San Mateo County Enacts “Living Wage” Ordinance

LivWage2Low-wage employees of contractors who provide services to San Mateo County will see their pay rise to $17 per hour, under the county’s new Living Wage Ordinance. The ordinance goes into effect January 1, 2017, when wages rise to $14 an hour, with a second hike to $15 an hour six months later; a third raise to $16 on July 1, 2018; before hitting $17 an hour on July 1, 2019.

While the Living Wage Ordinance covers all businesses that provide services to the county, Supervisor Carole Groom highlighted the work of nonprofit contractors in her remarks at the October 18th Board meeting.

“We value the contribution of employees of our nonprofits who perform services to the county,” such as substance abuse counseling, mental health and health care services. Groom added, “These nonprofit agencies will have an easier time recruiting and retaining employees.”

The Raise the Wage Coalition, led by the San Mateo Labor Council and the SMC Union Community Alliance, pressed county supervisors for an ordinance to ensure that when the county contracts with an outside business for services that these taxpayer dollars were not creating poverty-level jobs. The coalition argued that a single adult living in San Mateo County would need to earn at least $17 an hour to cover just the basic costs of living — housing, food, transportation and health care.

The Board of Supervisors responded by establishing a committee, chaired by Supervisors Groom and Dave Pine, to study the issue. San Mateo Labor Council Director of Community Services Rayna Lehman and representatives of the county’s nonprofit contract agencies served on the committee, which met during the winter and spring of 2016.

With the adoption of the Living Wage Ordinance, Lehman said, “The county is working to address income inequality. We are excited to work in partnership with the county as it implements and enforces the new ordinance.”

The Raise the Wage Coalition will continue to monitor the implementation of the ordinance to ensure there are no unintended consequences.
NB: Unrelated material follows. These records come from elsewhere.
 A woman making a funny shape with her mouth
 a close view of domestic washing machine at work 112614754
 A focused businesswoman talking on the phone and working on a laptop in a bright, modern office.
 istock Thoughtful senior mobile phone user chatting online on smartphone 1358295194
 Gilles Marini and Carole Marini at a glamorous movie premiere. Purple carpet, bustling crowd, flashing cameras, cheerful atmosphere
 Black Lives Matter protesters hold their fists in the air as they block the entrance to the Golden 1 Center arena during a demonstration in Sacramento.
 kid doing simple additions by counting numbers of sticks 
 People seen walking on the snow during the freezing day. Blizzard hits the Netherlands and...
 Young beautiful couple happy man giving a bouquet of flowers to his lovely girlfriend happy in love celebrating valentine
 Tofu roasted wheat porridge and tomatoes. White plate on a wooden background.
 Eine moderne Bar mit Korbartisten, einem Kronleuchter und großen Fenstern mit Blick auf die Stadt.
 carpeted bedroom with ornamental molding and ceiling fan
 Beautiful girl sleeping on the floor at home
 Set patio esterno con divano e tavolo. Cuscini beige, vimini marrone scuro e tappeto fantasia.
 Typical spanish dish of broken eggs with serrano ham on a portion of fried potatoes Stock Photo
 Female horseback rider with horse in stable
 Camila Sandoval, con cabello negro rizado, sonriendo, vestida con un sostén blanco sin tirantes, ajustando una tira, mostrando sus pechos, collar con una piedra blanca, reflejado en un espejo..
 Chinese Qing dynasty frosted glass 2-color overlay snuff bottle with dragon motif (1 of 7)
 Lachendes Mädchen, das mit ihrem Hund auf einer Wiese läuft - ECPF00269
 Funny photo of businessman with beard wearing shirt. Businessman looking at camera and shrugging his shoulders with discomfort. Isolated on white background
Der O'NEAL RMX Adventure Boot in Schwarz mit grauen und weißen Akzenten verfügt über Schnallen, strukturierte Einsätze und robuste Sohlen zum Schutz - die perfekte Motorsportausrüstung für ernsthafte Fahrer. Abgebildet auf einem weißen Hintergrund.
Specifically, if the county does not provide sufficient funding to its nonprofit contractors, these agencies might be forced to cut services or staff in order to finance the higher salaries.

The county will increase its contracts with nonprofit agencies by $4.2 million over the next two years to fund higher staff salaries.

While county staff incorporated a number of improvements in the final ordinance, based on comments from the wage coalition and its nonprofit agencies, in a letter to the Board of Supervisors, the coalition raised a number of concerns involving the ordinance’s implementation:

  • The County should fully fund the costs of the living wage to ensure the ordinance does not result in cuts in staff or services at nonprofit agencies;
  • Annual reviews of the ordinance’s effectiveness should include any investigations, audits, and enforcement actions taken to ensure compliance; and requests for exemptions and for budget enhancements; and
  • The County should conduct random payroll audits of its contractors to ensure compliance, rather than solely relying on employee complaints.